**Problem details**
Below are entries. Copy exactly the lines running from the line that holds "Eski Mısır'dan Şiirler" to the line that holds "Fiat Panda — 23", with both ends included.

**Data records**
*** Begin section ***

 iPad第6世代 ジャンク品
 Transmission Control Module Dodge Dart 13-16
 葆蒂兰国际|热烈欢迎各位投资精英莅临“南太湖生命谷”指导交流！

*** End section ***
*** Begin section ***

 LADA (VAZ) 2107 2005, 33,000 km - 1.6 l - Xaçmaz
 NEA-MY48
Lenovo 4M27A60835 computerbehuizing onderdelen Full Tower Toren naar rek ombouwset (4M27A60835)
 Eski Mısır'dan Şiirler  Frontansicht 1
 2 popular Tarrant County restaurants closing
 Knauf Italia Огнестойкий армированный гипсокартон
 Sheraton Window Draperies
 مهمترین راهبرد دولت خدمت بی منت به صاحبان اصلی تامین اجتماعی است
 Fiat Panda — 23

*** End section ***
*** Begin section ***

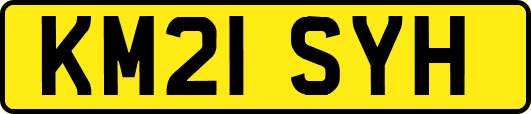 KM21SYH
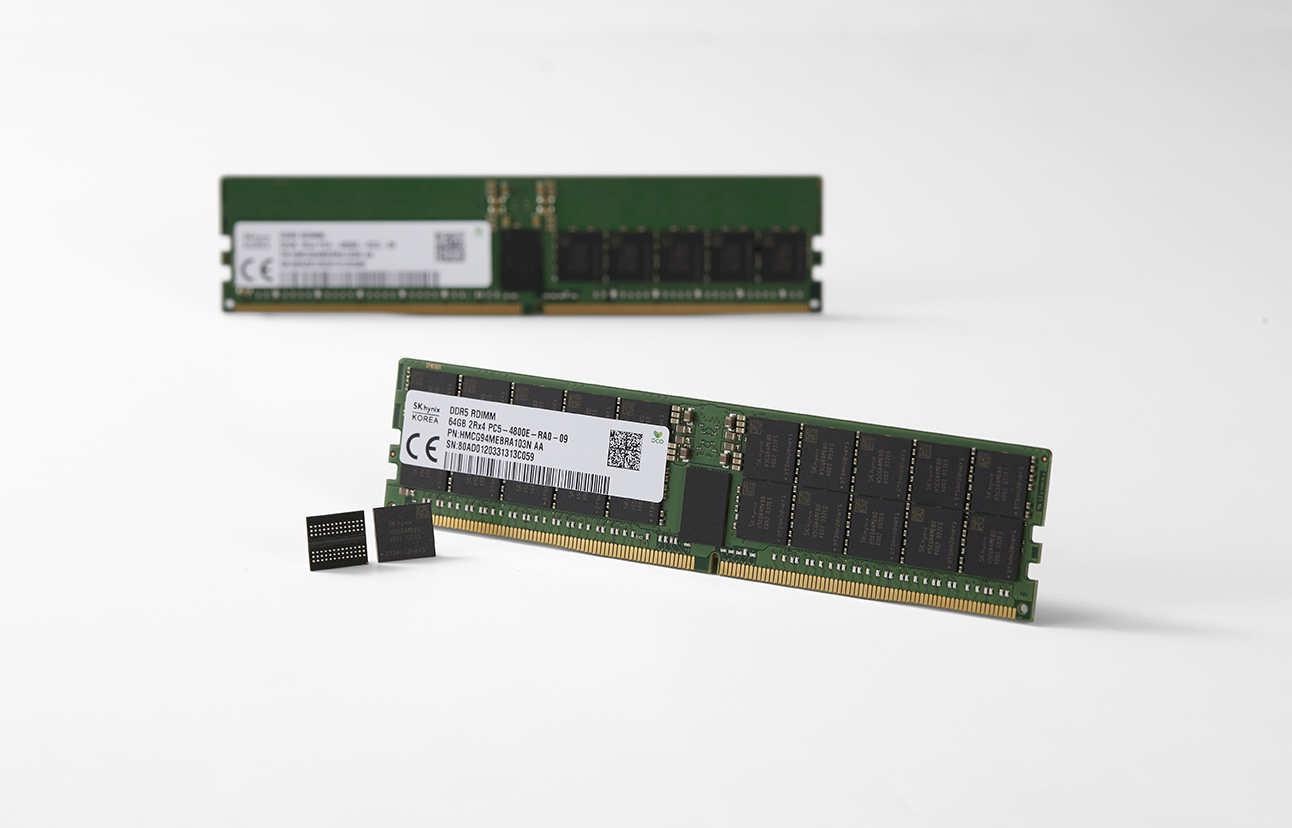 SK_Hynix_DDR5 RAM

*** End section ***

**Your response**
 Eski Mısır'dan Şiirler  Frontansicht 1
 2 popular Tarrant County restaurants closing
 Knauf Italia Огнестойкий армированный гипсокартон
 Sheraton Window Draperies
 مهمترین راهبرد دولت خدمت بی منت به صاحبان اصلی تامین اجتماعی است
 Fiat Panda — 23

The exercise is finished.